From the end of the day:

A very brief report, because there are no results yet—but I am getting close—from what I’ve been working on today. On account of the gruesome weather and a desire to focus, I stayed at home, and it was a good day. Put in a very decent effort and made some serious headway in adapting the existing code for generating the diversity/disparity plot so that it will perform by-list, unweighted subsampling for the morphospace. The whole thing isn’t working yet, but a tantalizing glimpse of the subsampled values for convex hulls and alpha volumes looked like the curve flattens out completely under subsampling—suggesting that the increase over time might be an artifact of sampling.

Tues at Home

ø

I have definitely been feeling a surge in anxiety over the past 24 hours. All of the uncertainty about what to do about diversity subsampling and how it relates to the morphospace, as well as the question of what to do for the diversity chapter if SQ is not applicable to Neptune data was making me very uneasy. I didn’t sleep well last night, tossing and turning, mind racing in circles, but I did my best to keep myself focused on the moment, and went out for a short run this morning even through I had trouble getting out of bed. This helped a little bit.
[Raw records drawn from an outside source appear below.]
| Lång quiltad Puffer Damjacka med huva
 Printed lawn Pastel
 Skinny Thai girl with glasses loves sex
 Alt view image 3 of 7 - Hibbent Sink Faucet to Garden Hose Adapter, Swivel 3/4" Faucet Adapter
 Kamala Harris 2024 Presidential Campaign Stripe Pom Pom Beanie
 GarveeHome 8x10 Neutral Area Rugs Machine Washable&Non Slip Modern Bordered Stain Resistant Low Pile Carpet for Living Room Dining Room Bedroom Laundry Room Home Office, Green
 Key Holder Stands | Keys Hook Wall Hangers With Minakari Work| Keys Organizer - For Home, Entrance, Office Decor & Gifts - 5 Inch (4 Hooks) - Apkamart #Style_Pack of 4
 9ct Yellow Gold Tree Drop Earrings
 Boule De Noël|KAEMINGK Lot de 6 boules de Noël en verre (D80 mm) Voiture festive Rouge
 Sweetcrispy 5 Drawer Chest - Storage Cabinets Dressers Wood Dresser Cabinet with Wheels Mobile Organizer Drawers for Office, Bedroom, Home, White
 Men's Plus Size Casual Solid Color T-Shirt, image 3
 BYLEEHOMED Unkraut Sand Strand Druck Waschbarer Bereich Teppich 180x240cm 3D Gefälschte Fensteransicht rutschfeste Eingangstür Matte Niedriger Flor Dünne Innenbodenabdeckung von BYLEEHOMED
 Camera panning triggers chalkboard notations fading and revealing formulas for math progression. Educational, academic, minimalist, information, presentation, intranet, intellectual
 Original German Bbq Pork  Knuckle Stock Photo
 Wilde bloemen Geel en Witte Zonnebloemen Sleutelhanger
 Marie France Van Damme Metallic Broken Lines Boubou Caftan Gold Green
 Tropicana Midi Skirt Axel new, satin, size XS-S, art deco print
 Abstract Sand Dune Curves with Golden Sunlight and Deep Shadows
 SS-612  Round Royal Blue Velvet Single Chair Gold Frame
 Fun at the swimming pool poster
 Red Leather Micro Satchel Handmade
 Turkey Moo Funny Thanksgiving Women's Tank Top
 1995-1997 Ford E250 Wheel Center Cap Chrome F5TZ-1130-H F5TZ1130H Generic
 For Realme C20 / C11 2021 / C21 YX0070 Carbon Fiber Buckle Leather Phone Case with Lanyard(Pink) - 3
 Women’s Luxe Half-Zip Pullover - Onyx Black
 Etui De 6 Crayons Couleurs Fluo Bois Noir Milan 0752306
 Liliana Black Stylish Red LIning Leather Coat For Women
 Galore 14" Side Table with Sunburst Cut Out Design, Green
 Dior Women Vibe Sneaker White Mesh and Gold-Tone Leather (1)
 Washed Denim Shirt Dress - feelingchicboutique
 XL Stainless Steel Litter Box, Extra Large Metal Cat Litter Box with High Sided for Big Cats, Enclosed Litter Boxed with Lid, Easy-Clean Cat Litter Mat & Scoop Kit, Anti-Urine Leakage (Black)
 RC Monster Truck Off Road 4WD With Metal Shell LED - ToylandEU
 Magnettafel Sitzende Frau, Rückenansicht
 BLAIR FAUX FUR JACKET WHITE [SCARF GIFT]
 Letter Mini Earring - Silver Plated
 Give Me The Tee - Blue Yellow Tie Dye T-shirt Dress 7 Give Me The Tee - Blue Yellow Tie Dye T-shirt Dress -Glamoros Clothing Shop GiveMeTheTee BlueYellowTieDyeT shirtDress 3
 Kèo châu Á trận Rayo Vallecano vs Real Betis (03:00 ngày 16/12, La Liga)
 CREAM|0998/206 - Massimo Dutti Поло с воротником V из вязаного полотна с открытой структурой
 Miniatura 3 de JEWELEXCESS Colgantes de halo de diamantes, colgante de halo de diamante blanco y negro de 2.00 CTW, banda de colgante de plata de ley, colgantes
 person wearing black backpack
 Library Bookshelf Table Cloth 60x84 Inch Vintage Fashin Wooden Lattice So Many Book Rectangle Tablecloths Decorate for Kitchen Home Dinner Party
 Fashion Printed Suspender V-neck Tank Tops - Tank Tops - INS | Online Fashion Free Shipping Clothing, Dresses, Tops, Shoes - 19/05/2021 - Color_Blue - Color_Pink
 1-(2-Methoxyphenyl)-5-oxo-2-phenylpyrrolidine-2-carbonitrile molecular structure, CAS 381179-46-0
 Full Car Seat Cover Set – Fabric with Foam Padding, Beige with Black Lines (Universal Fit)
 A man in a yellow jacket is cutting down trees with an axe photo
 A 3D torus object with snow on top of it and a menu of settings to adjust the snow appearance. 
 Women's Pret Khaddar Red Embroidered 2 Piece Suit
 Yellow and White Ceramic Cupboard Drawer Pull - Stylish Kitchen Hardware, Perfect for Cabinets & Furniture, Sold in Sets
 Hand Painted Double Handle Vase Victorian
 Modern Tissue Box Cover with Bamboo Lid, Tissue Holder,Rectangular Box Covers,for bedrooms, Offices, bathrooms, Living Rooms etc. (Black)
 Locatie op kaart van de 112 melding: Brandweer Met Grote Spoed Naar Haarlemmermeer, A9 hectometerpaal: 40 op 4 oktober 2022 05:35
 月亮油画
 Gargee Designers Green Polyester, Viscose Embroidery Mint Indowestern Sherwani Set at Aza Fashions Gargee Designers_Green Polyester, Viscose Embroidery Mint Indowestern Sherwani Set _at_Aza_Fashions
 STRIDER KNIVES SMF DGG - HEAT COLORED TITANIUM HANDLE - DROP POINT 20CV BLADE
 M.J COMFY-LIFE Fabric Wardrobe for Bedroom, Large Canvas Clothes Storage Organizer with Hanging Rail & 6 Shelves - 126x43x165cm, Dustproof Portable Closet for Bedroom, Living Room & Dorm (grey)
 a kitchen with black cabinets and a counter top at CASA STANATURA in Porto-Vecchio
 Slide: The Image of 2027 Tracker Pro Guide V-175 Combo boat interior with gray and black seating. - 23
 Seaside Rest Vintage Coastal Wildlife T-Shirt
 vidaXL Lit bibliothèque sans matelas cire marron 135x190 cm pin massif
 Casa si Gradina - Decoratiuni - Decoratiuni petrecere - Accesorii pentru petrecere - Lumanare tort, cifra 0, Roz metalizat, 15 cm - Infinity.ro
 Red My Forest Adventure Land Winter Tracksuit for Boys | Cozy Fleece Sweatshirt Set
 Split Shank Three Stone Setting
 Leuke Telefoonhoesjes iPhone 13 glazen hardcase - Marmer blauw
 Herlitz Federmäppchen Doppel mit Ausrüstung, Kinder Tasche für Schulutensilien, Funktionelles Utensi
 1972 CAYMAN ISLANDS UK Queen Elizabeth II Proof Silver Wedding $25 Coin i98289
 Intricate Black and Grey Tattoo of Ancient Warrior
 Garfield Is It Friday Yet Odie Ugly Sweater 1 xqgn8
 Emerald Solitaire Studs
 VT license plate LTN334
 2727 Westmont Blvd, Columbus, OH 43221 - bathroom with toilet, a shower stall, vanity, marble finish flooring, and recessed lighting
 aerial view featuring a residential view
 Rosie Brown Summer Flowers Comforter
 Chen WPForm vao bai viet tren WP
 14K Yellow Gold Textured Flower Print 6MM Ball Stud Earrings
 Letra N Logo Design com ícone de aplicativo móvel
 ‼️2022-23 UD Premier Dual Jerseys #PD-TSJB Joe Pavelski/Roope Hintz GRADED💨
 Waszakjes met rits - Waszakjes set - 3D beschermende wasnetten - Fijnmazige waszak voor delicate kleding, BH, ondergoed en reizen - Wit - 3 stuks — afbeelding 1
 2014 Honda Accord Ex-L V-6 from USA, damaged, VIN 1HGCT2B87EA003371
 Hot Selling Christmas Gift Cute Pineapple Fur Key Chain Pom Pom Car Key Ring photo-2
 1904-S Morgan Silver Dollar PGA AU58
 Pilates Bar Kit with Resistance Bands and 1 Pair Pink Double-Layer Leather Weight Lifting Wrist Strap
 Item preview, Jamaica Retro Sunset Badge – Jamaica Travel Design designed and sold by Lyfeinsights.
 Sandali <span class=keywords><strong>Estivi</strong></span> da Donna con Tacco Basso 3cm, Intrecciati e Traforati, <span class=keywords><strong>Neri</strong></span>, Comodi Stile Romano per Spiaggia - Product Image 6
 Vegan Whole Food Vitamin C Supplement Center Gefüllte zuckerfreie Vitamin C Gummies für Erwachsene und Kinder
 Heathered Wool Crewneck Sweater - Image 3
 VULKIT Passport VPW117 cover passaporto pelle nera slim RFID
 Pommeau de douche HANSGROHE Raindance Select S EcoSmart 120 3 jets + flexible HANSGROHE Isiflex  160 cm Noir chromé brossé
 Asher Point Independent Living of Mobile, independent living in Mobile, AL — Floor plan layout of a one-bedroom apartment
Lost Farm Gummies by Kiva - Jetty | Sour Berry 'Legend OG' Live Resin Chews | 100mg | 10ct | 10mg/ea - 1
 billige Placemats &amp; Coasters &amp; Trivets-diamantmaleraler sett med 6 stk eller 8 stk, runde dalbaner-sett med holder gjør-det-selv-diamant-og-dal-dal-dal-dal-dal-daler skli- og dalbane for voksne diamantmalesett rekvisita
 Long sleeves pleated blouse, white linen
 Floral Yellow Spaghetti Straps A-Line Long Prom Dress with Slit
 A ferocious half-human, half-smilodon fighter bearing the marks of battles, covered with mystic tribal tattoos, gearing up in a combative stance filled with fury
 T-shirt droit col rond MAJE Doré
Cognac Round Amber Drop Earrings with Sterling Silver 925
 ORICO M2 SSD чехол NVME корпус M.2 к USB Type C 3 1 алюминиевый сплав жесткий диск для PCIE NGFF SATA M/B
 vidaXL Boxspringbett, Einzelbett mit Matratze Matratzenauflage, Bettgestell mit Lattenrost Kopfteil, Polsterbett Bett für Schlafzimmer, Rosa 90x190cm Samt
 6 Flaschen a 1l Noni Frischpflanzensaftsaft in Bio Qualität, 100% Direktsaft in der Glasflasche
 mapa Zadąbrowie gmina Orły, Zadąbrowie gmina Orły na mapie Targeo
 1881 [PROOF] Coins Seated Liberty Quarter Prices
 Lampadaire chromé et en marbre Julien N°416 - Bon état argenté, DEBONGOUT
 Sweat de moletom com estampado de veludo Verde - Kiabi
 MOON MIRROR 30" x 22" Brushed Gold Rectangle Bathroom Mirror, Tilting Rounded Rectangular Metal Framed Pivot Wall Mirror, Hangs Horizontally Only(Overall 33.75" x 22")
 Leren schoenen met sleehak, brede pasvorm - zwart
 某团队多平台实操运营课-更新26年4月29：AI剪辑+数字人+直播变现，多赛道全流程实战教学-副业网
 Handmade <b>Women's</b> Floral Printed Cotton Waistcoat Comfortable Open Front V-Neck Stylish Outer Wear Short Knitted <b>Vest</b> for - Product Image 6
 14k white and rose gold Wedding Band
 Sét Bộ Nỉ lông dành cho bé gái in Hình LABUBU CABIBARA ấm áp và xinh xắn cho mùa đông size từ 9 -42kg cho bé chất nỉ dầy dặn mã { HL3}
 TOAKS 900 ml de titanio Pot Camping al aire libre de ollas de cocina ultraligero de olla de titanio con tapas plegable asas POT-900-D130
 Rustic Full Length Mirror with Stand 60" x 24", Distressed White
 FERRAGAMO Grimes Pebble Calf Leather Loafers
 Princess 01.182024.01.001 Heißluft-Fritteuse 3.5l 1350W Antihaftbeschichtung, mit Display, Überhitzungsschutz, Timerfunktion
Walking home after work yesterday I thought that a intermediate fix for my SQS problem in the context of the morphospace might be to apply a classical rarefaction or the closely related by-list, unweighted subsampling instead. While it’s philosophically very different, the results in Alroy’s studies aren’t all that dramatically different from SQS, and crucially, at least they do *some* correction for sampling as opposed to reading observed diversity at face value. It might not be impossible to implement so that I can actually generate both the diversity curve (species level) and the morphospace occupancy data (genus level).

I also realized that I really needed to iterate back to the text of my chapter—I’ve spent the last couple of weeks focused exclusively on producing figures in R, and so I have become unmoored from the enforced linear thinking required by the writing process, which is no doubt part of the reason my mind has started swirling in these terrifying vortices.

Had a very good meeting with Beau in the afternoon, realized that I have actually accomplished a lot in the past six weeks (36 of the 50 to dos from mid-January). Seeing a slightly clearer path forward, though it’s still a little terrifying.

Weekendud

ø

Managed no work at all this weekend, in spite of having a Saturday alone with Kati in DC. Not much to say about it other than that I really, really didn’t feel like working, and jumped upon every excuse not to do it—laundry, grocery shopping, newspaper reading, relaxing, and watching TV on Saturday; sleeping in, Kati time, going for a walk in the sun and the last episode of Downton Abbey on Sunday. Anything but work.

I tried not to let this cast a cloud on my Monday, however; headed out on my scheduled run and was at my desk, ready to work, at 9am. The starting of work was delayed by a little over an hour, since Andy’s intern Sarah showed up and begged for fulfillment of an earlier promise (not as empty as I had hoped, it turned out) to show her how to set up macros to set scale and insert scale bars on the photos she’s taking with the microscope camera system. It was a time sink but she was very grateful, and I felt (for a change) extremely competent. I may have failed to produce anything of academic value (so far) in the many years I’ve spent in graduate school, but I’ve certainly picked up a lot of skills and general knowledge along the way—including how to write macros for ImageJ.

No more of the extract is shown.